[CHAPTER IX]
MID-STREAM
The morning paper had been brought in to Dodo with her letters, and she opened it quickly at the middle page. The German assault on Verdun was being pressed ever more fiercely; it seemed impossible that the town could hold out much longer. A second of the protecting forts had fallen, smashed and pulverised under the hail of devastating steel....
Dodo read no more than the summary of the news. It was bad everywhere; there was not a single gleam of sun shining through that impenetrable black cloud that had risen out of Central Europe nearly two years ago, and still poured its torrents on to broken lands. On the Eastern front of Germany the Russian armies were being pushed back; the British garrison in Kut was completely surrounded, and even the sturdiest of optimists could do no more than affirm that the fall of that town would not have any real bearing on the war generally. They had said precisely the same when, a few months ago, Gallipoli had been evacuated, just as when in the first stupendous advance of the enemy across France and Flanders, they had slapped their silly legs, and shouted that the German lines of communication were lengthening daily and presently the Allies would snip them through, so that all the armies of the Hun would drop neatly off like a thistle-head when you sever its stalk with a stick. At this rate how many and how grave disasters were sufficient to have any bearing on the war? Perhaps the fall of Verdun would be a blessing in disguise. The disguise certainly seemed impenetrable, but the optimists would pierce it....

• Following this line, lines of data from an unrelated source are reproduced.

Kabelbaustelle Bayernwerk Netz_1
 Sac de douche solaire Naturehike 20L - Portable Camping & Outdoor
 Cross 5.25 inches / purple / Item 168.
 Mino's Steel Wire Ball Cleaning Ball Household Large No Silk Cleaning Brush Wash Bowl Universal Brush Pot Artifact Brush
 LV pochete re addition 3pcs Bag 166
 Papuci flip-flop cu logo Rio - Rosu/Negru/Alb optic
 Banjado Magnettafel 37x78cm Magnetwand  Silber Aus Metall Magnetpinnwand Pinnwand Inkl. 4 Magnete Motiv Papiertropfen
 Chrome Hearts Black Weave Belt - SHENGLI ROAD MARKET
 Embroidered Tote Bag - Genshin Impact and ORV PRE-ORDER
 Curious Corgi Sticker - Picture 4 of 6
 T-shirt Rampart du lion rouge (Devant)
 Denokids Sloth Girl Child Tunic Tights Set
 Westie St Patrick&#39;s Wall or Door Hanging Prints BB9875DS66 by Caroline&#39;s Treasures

Dodo pulled herself together, and remembered that she was an optimist too, though not quite of that order, and that it was not consistent with her creed to meditate upon irretrievable misfortunes, or indeed to meditate upon anything at all when there were a dozen private letters of her own to be opened at once, and probably some thirty or forty more connected with hospital work, waiting for her in the office. It certainly was not conducive to efficiency to think too much in these days, especially if nothing but depression was to be the result of thinking; and if all she could do was to see to the affairs of her hospital, it was surely better to do that than to speculate on present data about the result of the fall of Verdun.
A tap at her door, and David's voice demanding admittance reminded her that after she had attended to the immediate requirements of the hospital, she was to have a holiday to-day, as David was going to school for the first time to-morrow, and this day was dedicated to him. Thus there was another reason for liveliness; it would never do to cast shadows over David's festival.
"Yes, darling, come in," she said. "I'm still in bed like a lazy-bones."
"Oh, get up at once, mummie," said David. "It's my day. Shall I fill your bath?"